[Brief descriptive captions]

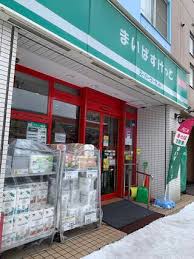 スーパー　まいばすけっと北19条西4丁目店（スーパー）まで400m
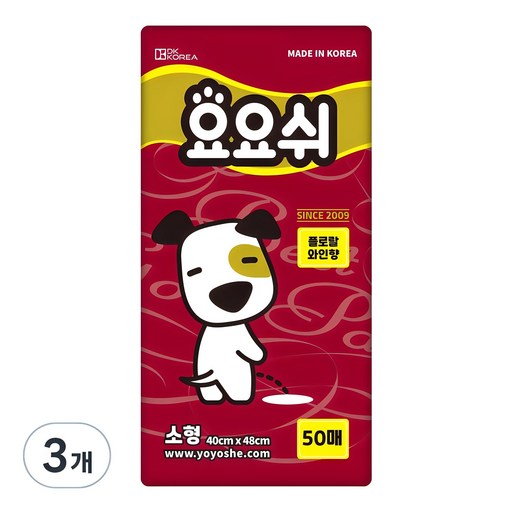 요요쉬 강아지 배변패드 플로랄와인향 50개입 3개 반려동물의 건강하고 쾌적한 생활을 위한 필수 아이템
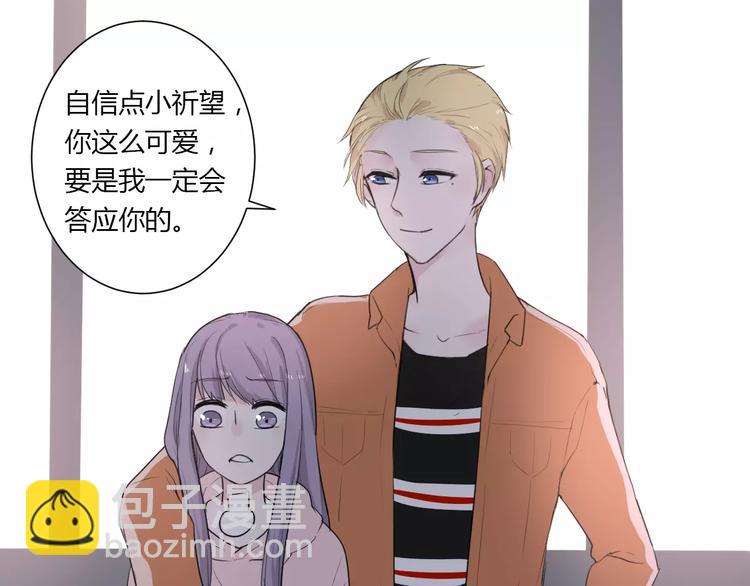 第21话 面具下的样子(1/3)-第21话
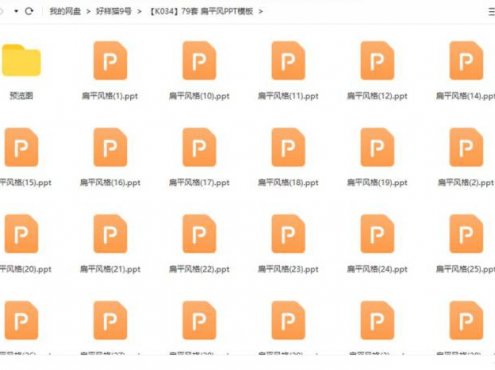 79套扁平风PPT模板合集PPT/PPTX/713.97MB（百度网盘下载）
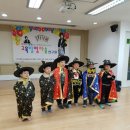 로이스어린이집 이미지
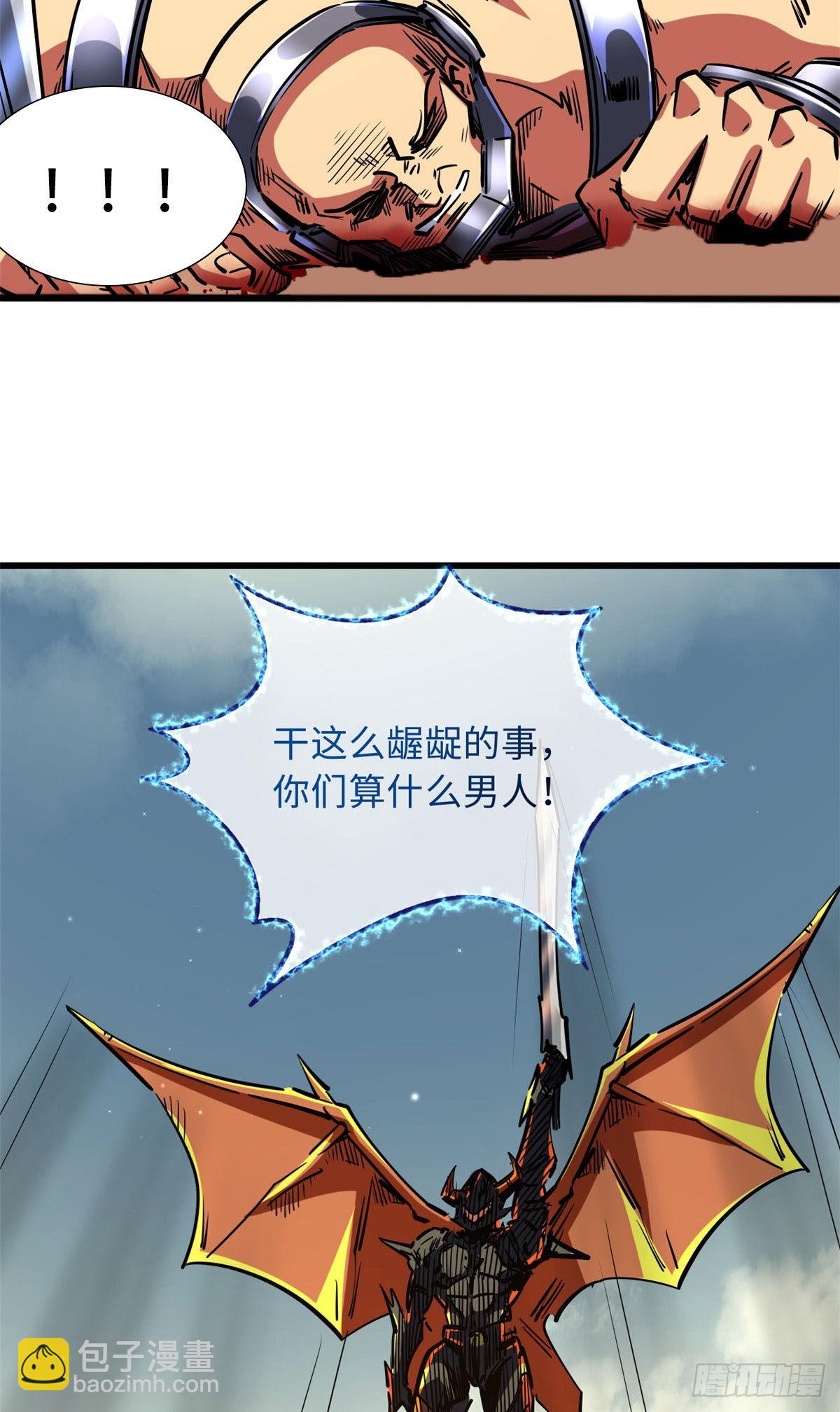 67 天降B神25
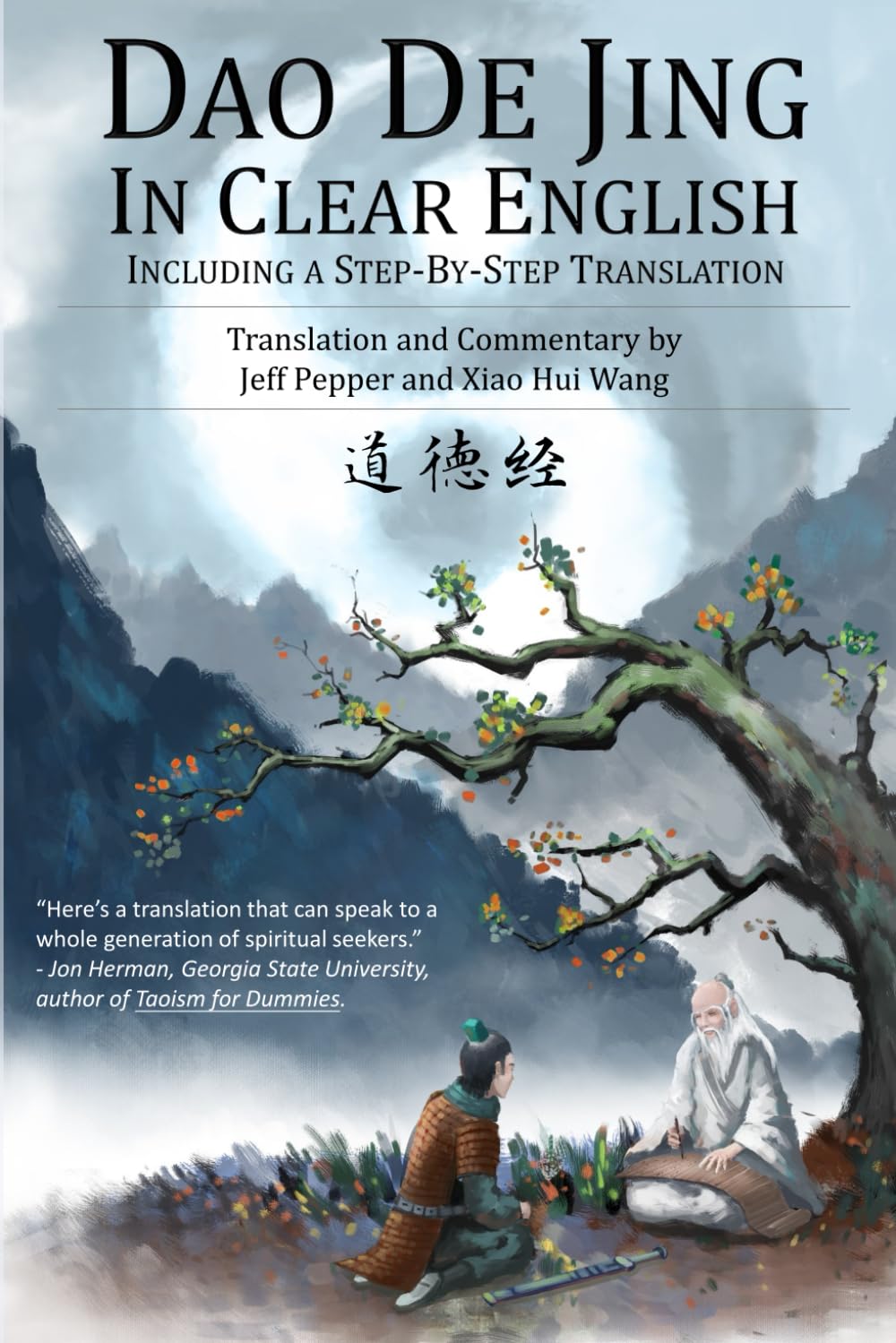 Dao De Jing in Clear English: Including a Step by Step Translation Philosophy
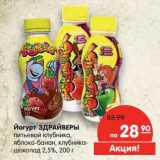 Магазин:Карусель,Скидка:Йогурт Здрайверы 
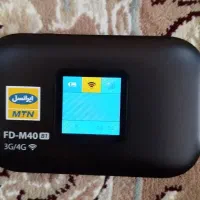 مودم جیبی ایرانسل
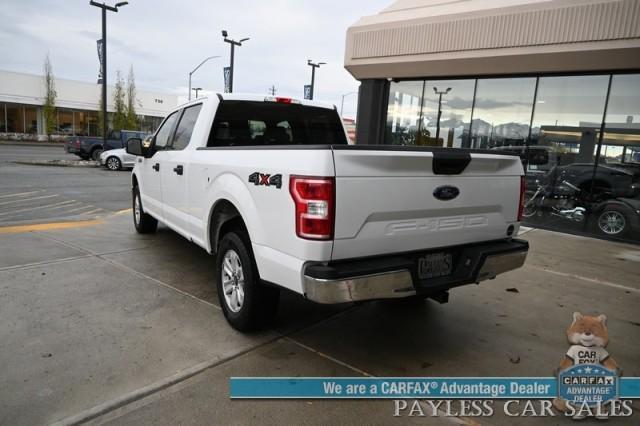 used 2020 Ford F-150 car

▶ _Work instruction_: Write the data above out exactly. Leave out any pictures.

▶ _Exercise solution_:
 スーパー　まいばすけっと北19条西4丁目店（スーパー）まで400m
 요요쉬 강아지 배변패드 플로랄와인향 50개입 3개 반려동물의 건강하고 쾌적한 생활을 위한 필수 아이템
 第21话 面具下的样子(1/3)-第21话
 79套扁平风PPT模板合集PPT/PPTX/713.97MB（百度网盘下载）
 로이스어린이집 이미지
 67 天降B神25
 Dao De Jing in Clear English: Including a Step by Step Translation Philosophy
 Магазин:Карусель,Скидка:Йогурт Здрайверы 
 مودم جیبی ایرانسل
 used 2020 Ford F-150 car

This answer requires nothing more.